- DATA FOR THIS TASK

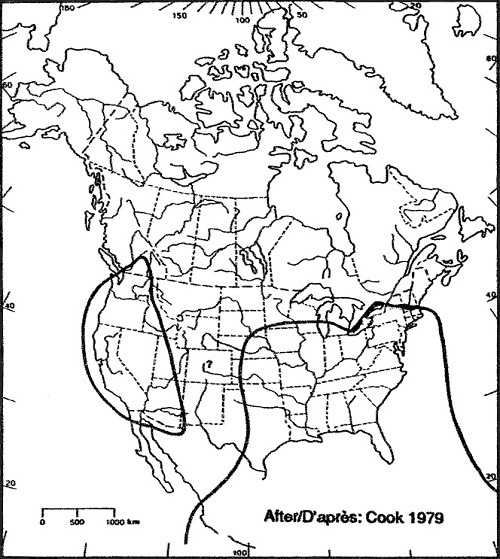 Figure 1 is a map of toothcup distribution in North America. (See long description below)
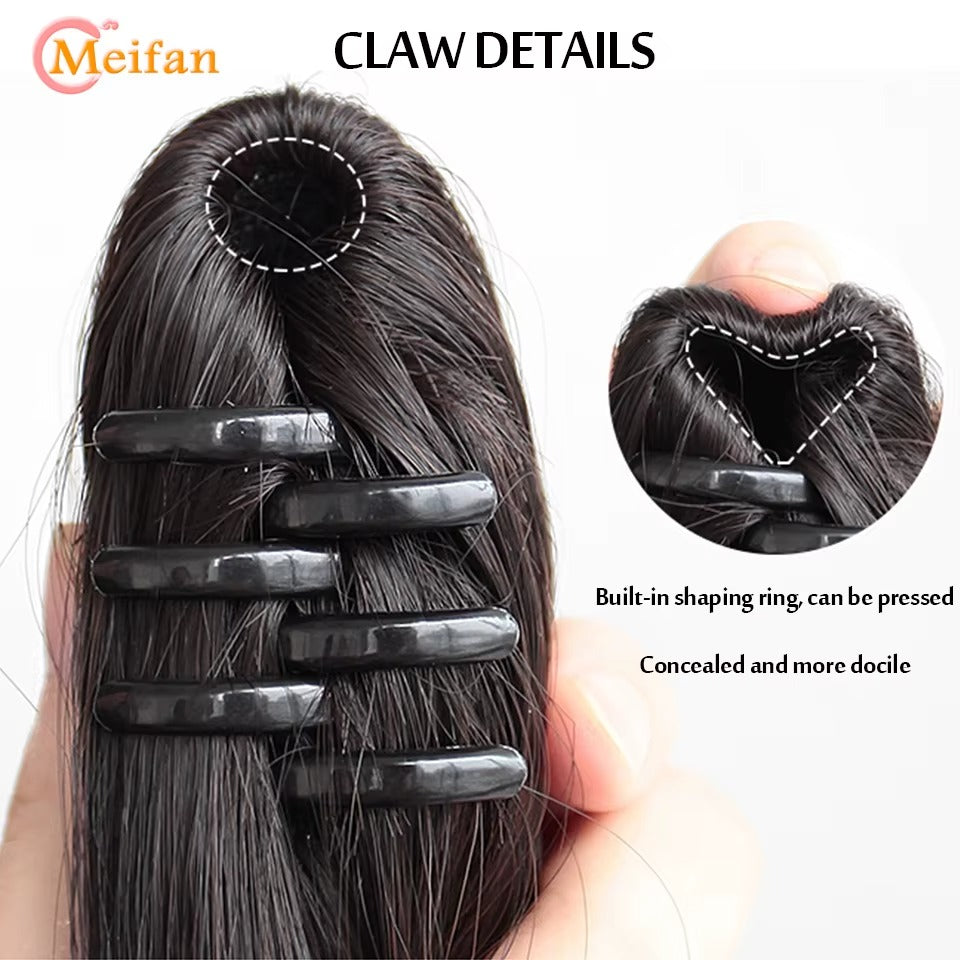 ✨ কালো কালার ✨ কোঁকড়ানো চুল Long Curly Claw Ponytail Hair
---
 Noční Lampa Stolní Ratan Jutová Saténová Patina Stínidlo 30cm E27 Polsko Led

- THE TASK
Having found the line with "Figure 1 is" and the line with "Claw Ponytail Hair" in the material above, write out exactly those two and every line between, leaving the pictures out.

- RESULT OF THIS TASK
 Figure 1 is a map of toothcup distribution in North America. (See long description below)
 ✨ কালো কালার ✨ কোঁকড়ানো চুল Long Curly Claw Ponytail Hair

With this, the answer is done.